Though I am weary to ever worship at anyone’s feet, I am totally worshiping at Copeland’s feet.  Highly recommended.

35 (dir. Maggie Zhus)

Anyone familiar with trans rights will be familiar with this number 35’s devastating significance, and in Eseoghene Obrimah (Writer/Producer) and Maggie Zhus’ (Director) short, the cold bureaucracy of this statistic is made surreal. Tonia Stanwell (Freyhja Ravencroft) navigates a transient office on her birthday facing off with people, material and mannequin, whilst dealing with the unreality of the experience with violence as a Black trans woman. 

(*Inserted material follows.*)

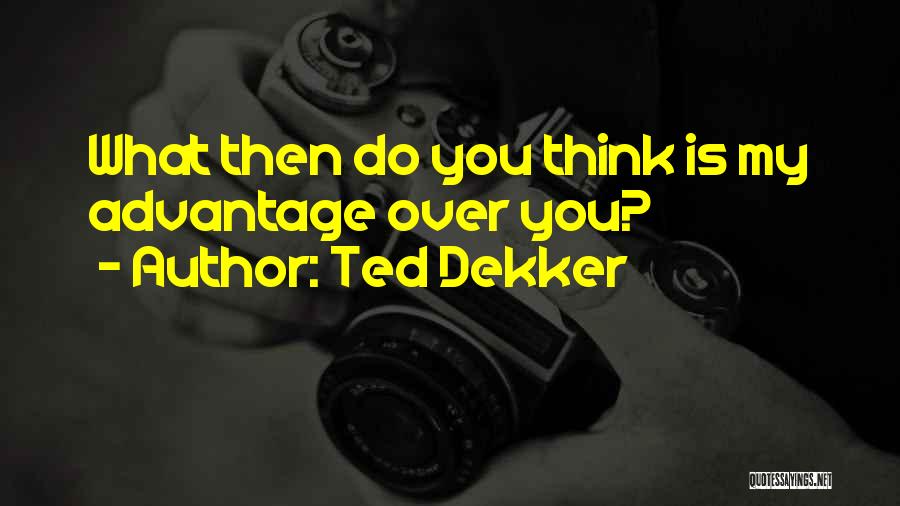 Ted Dekker Quotes: What Then Do You Think Is My Advantage Over You?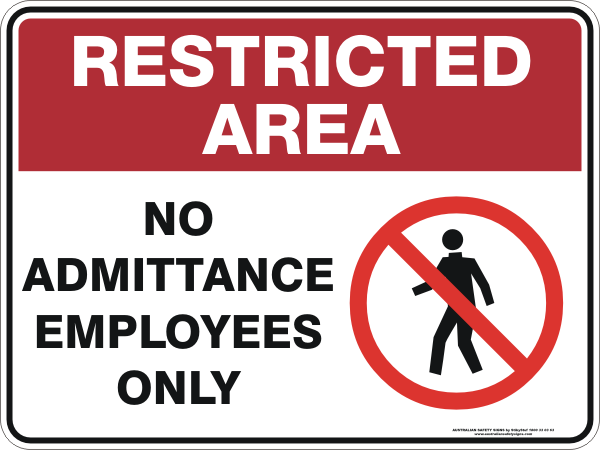 NO ADMITTANCE EMPLOYEES ONLY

NEGRUM3 (dir. Diego Paulino)

NEGRUM3 (SQIFF)

Building from theatrical self-reflection in broken mirrors and sequins, NEGRUM3 follows an afro-futurist vision of black transness. Glitchy and housey, this is a declaration and actual party: Aretha notes, “Blackness for me is the wonderful slimy shine, the shine which is above”. Worried at points that the flashy construction would overshadow the serious statements of the speakers, the film is punchy so that the critiques are equal to the sum of the celebrations. 

ASHLEY (dir. Jamie Crewe)

Ashley (SQIFF)

A lone figure taking a trip to the coast to refresh and renew is often the first sign of trouble. In Ashley, the trouble for Ashley is found between sensation and feeling. Utilising the tropes of horror, Crewe leads us deeper into the titular characters fears with an intimate voice over (voiced by the force that is Travis Alabanza); questioning where the horror can be located, between the landscape and the psyche, between the experience and ideologies of gender. Rooted in the present, the everyday search for utopia here is a path wrought with dread.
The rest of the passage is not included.